Me llamo Luis Arturo Ibáñez Tapia, y mi aventura en este mundo comenzó el 30 de mayo de 2020 en un lugar lleno de luces brillantes y personas moviéndose a toda prisa. Nací en el Hospital Florencia, en la ciudad de Toluca, dentro del municipio de Metepec, en el Estado de México. Para mis padres, este día fue el inicio de un viaje lleno de emociones, y para mí, fue mi primer encuentro con el aire, la luz y los sonidos de este mundo.
Mi papá se llama Luis Martín Ibáñez, un hombre alto y fuerte, pero con una sonrisa suave que siempre hace que me sienta seguro. Mi mamá es Litzi Tapia, la persona más cariñosa que he conocido, y tiene una fortaleza que brilla incluso cuando su corazón no siempre late de manera correcta. Aunque no sabía nada de todo esto cuando nací, pronto aprendería que el amor de mis padres era más fuerte que cualquier desafío que la vida pudiera ponerles.
Cuando llegué, pesaba aproximadamente 2.500 kg y medía 49 cm. Mi cuerpo era pequeño, pero lleno de ganas de vivir. Sin embargo, mi primera respiración no fue tan sencilla como debería haber sido. Mi pequeño pecho se resistía a tomar el aire que necesitaba, y los doctores tuvieron que ayudarme dándome un poco de oxígeno adicional. Aunque no pude ver las caras preocupadas de mis padres en ese momento, ahora sé que ambos estaban esperando con el corazón en la mano, esperando que pudiera estar bien.
Después de unas horas, mi cuerpo comenzó a responder.
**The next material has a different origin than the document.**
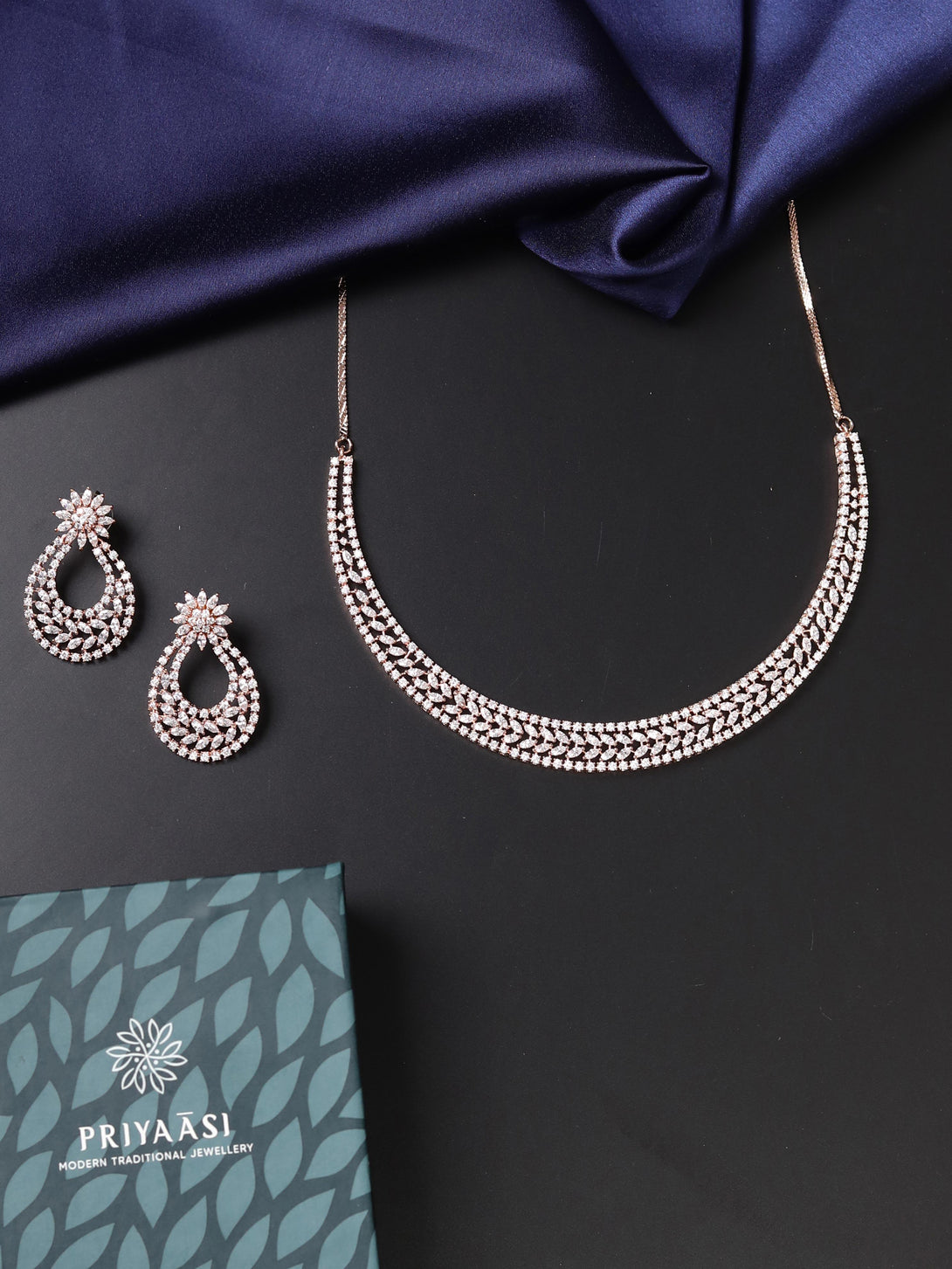 Women's Rose Gold Plated American Diamond Jewellery Set - Priyaasi - Indiakreations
El oxígeno me ayudó, y finalmente, a las 21 horas de ese día, me encontré envuelto en una manta suave, sintiendo el calor de los brazos de mi mamá. Ella me miraba con los ojos llenos de lágrimas, pero no de tristeza, sino de felicidad. Mi papá estaba a su lado, observando con una mezcla de orgullo y alivio. Habían pasado tantas cosas en tan poco tiempo, y aún así, estábamos juntos, los tres, comenzando nuestra vida como una nueva familia.
La llegada a casa
Después de tres días en el hospital, los doctores dijeron que ya estaba listo para irme a casa. Todavía era pequeño y frágil, pero mis papás estaban listos para cuidarme. Sabían que ser padres no iba a ser fácil, pero estaban decididos a hacer todo lo posible para darme el mejor comienzo en la vida. La primera noche en casa fue tranquila, aunque cada pequeño sonido que hacía hacía que mis papás se levantaran de la cama, preocupados de que algo pudiera estar mal.
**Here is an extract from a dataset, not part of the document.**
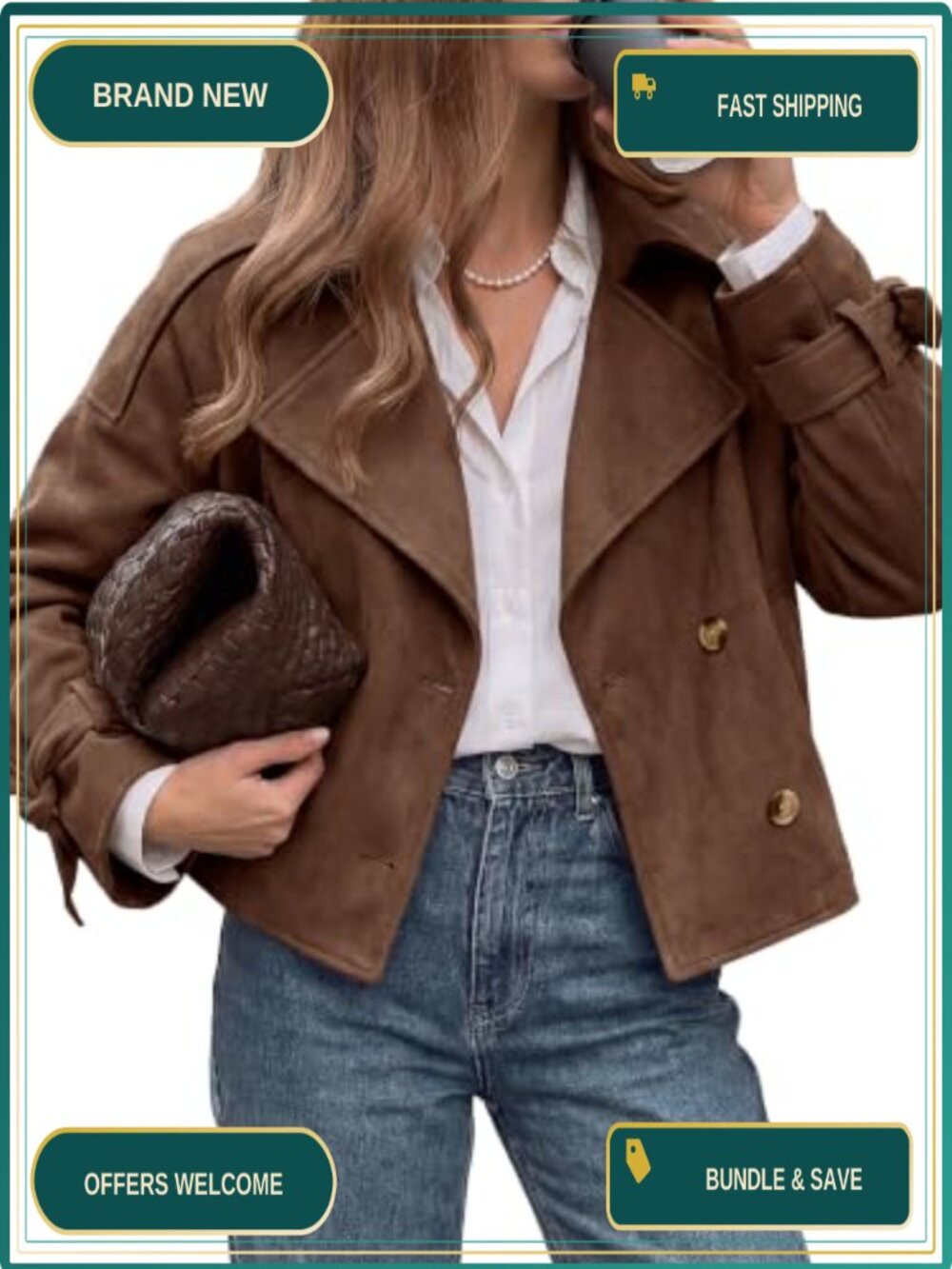 Faux Suede Double Breasted Cropped Trench Coat Jacket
Con el tiempo, mis papás aprendieron a relajarse un poco. Mi papá me cantaba canciones suaves, mientras mi mamá me sostenía en sus brazos. Empezaron a conocerme mejor, aprendiendo qué significaban mis pequeños gestos, cuándo tenía hambre o cuándo solo necesitaba un poco de consuelo. Pero también, tuvieron que enfrentar una noticia que cambiaría sus vidas.
El reto del corazón de mamá
Durante una de las revisiones de rutina después de mi nacimiento, los doctores descubrieron que mi mamá tenía un problema en su corazón. Era algo que ella no había sabido antes, pero ahora, siendo mamá, necesitaba estar más fuerte que nunca. Este diagnóstico trajo preocupación a nuestra familia, pero también trajo una oportunidad para demostrar cuánto amor y apoyo nos teníamos unos a otros.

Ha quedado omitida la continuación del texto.